Your goal: Where the line containing "Punk Girl in Combat Boots and Black Dress Punk" appears below, begin there and reproduce each line exactly through the last one, omitting pictures.

Given material:
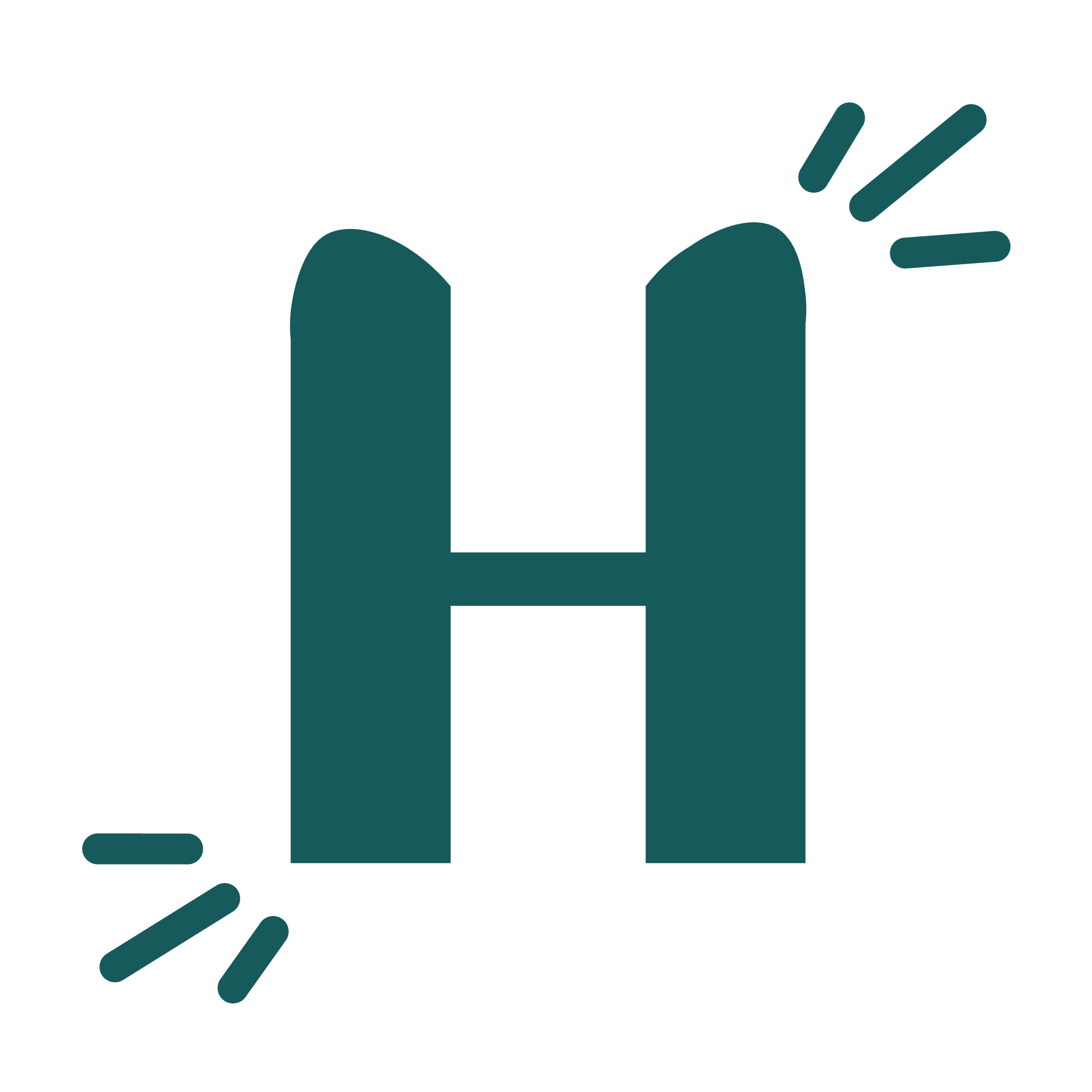 A stylized letter H with decorative lines around it, resembling emphasis or highlighting.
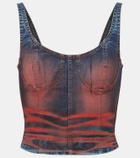KNWLS Harley printed denim crop top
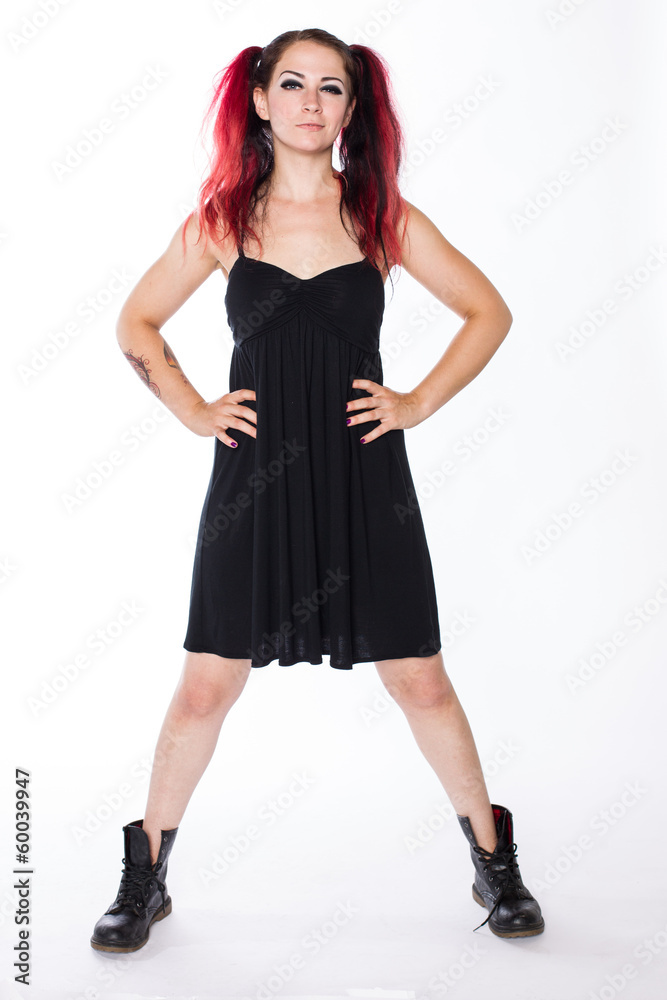 Punk Girl in Combat Boots and Black Dress Punk Girl in Combat Boots and Black Dress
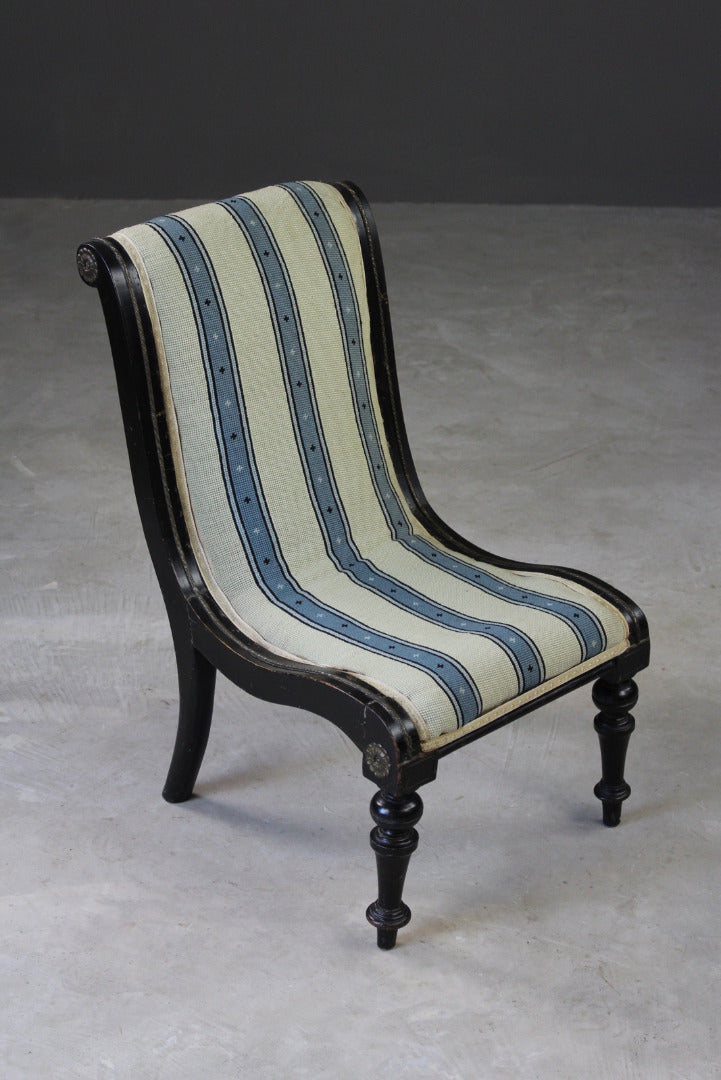 Victorian Small Nursing Bedroom Chair - Kernow Furniture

Response:
 Punk Girl in Combat Boots and Black Dress Punk Girl in Combat Boots and Black Dress
 Victorian Small Nursing Bedroom Chair - Kernow Furniture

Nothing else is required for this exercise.